仮設工事業者認定に関する建設現場イメージ
Temporary Construction Contractor Certification

仮設工事業者認定

Temporary Construction Contractor Certification

資格
かせつこうじぎょうしゃにんてい

仮設工事業者認定とは

仮設工事業者認定(かせつこうじぎょうしゃにんてい)は、公共建設工事の発注機関(国土交通省、都道府県、市区町村など)が、仮設工事を専業とする企業の技術能力・安全管理体制・施工実績を評価し、入札参加資格として認める制度です。特に仮設鍛冶工事業者にとって、公共工事受注の重要な要件となります。

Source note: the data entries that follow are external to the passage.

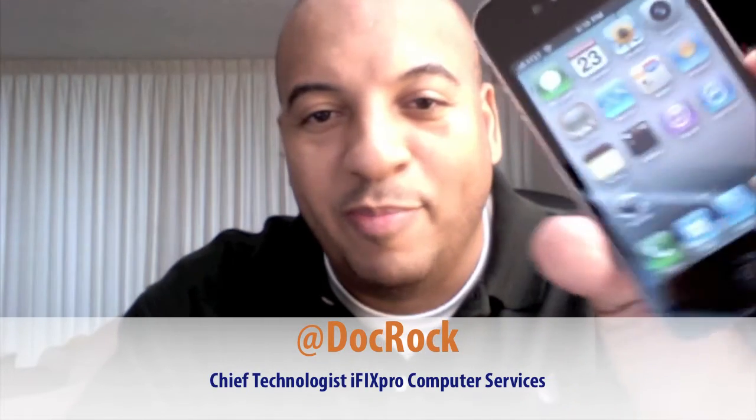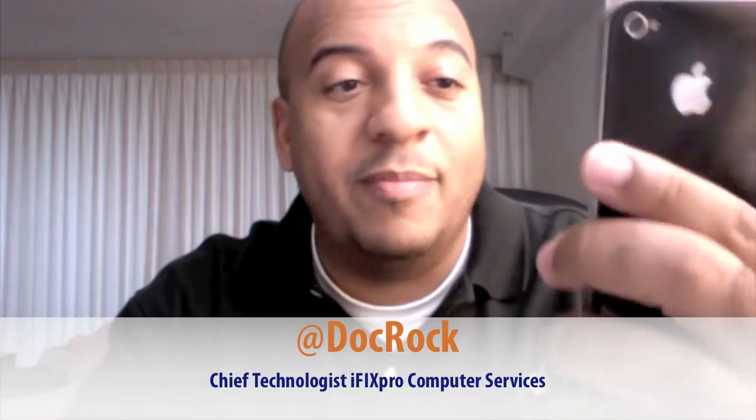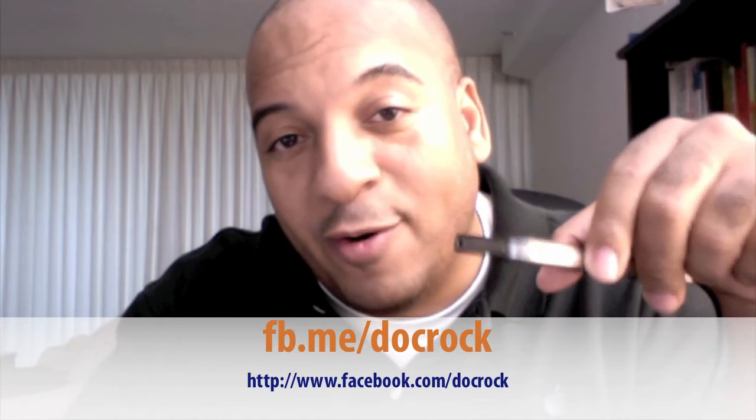Hey everybody, it's me doc, and guess what — I have the brand new iPhone 4! I really want to call some of you guys and do a little FaceTime. If you got my tweet, hit me up on Twitter or Facebook if you got your new iPhone and want to check out some FaceTime. Anyway, the iPhone 4 is in the house and I'm going to start installing apps.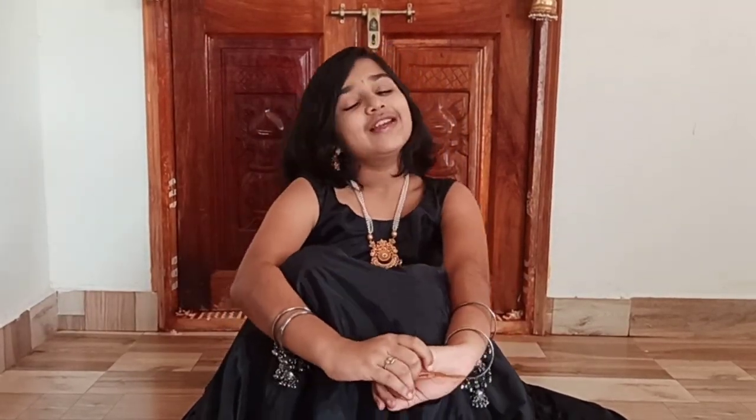Hey guys, this is Nidhi. Welcome back to my channel. So guys, happy Ganesh Chaturthi to all of you.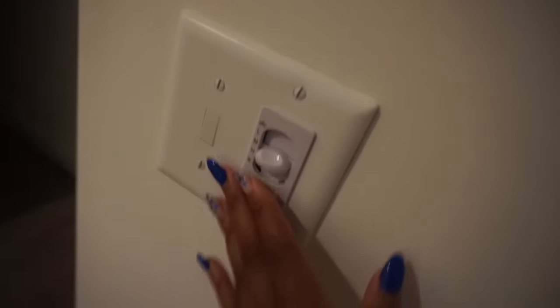This room can really only fit like a bed and some nightstands because it's a studio and pretty small. They do have fan settings in here, which is nice.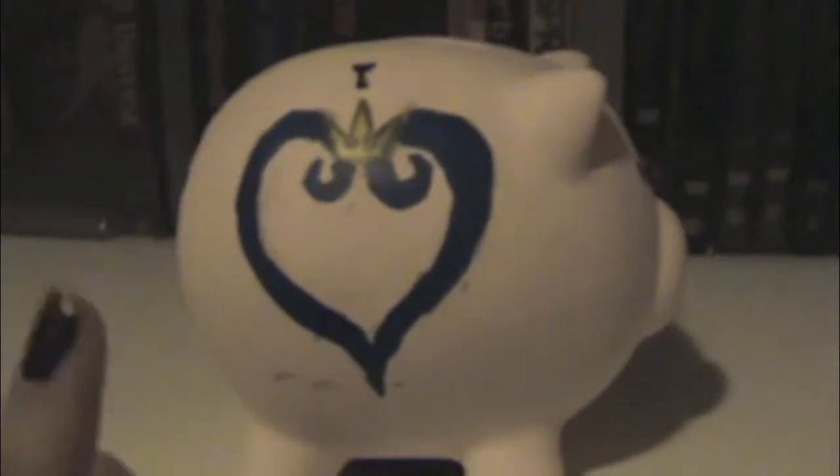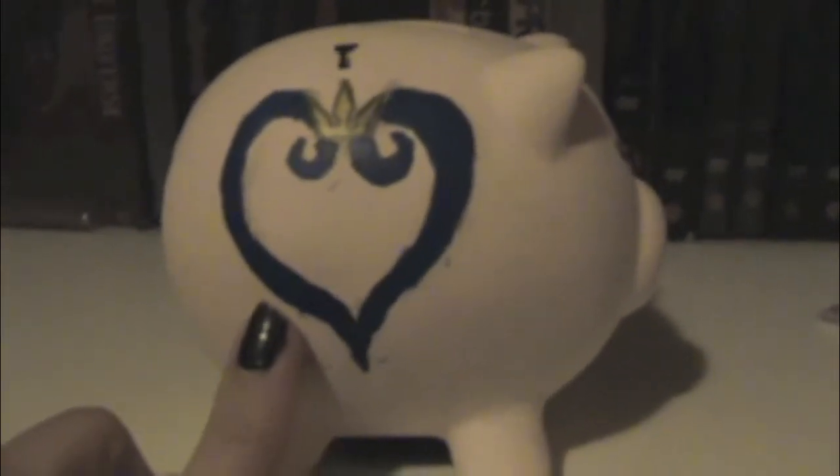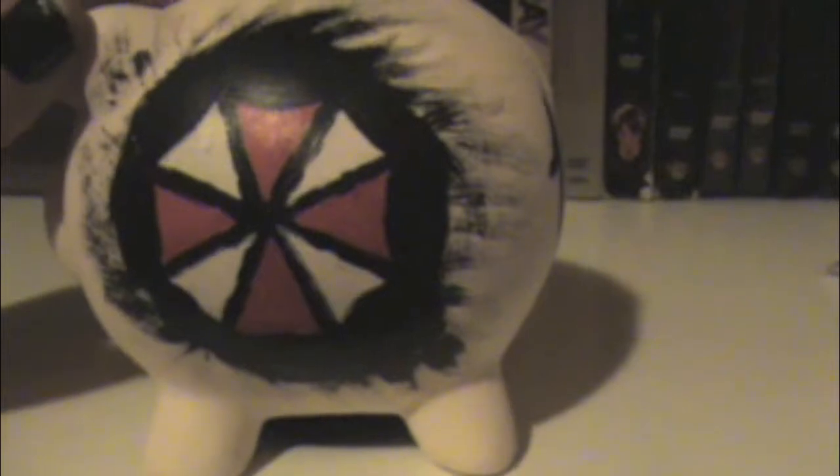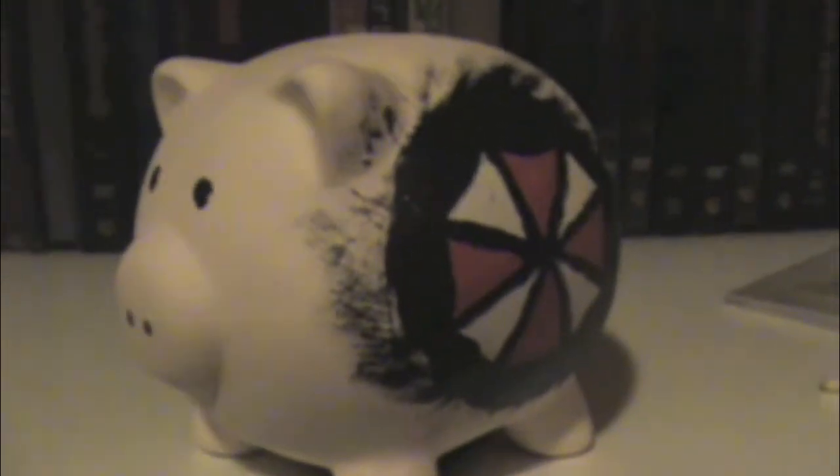I have the Kingdom Hearts symbol on this side, which represents me because I love Kingdom Hearts — it's kind of my signature. On the other side is the Umbrella Corporation logo, because my cousin loves Resident Evil. I was happy with the brush because I was able to get it into the little cracks no problem. Thank you so much Henry, I love it — bye!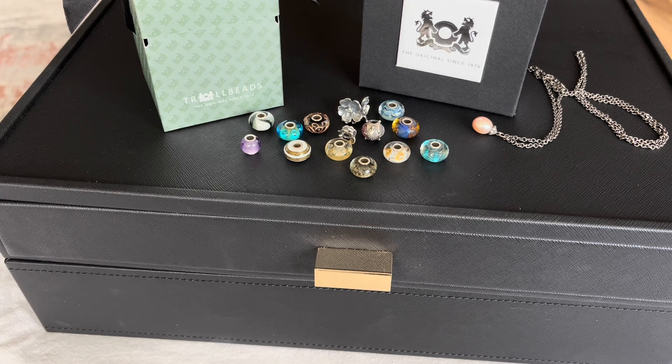Hi everyone and welcome to my channel. Today I have a long-delayed Troll Beads update for you. I made a few more purchases from Trisha's Gems — they do still have some stock remaining at 50% off online. I also took apart most of my bracelet designs, but there were a few that I just couldn't, and I thought I would share those designs with you. So let's get started with Trisha's Gems and what I purchased from them.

柴田工業のような鉄骨・仮設鍛冶工事会社は、この認定を取得することで、大型公共工事(官公庁庁舎、公立学校、公営住宅、インフラ施設など)の入札に参加する道が開かれます。認定基準は、施工実績、保有機械・技能者の数、安全管理体制、品質管理体制など多角的です。

認定取得の要件

仮設工事業者認定の取得には、一般的に以下のような要件が設定されます:

施工実績要件:過去一定期間(通常3〜5年)の施工実績金額が一定額以上であること。また、同種工事(例:支保工システム仮設鍛冶など)の複数実績が要求されることも多くあります。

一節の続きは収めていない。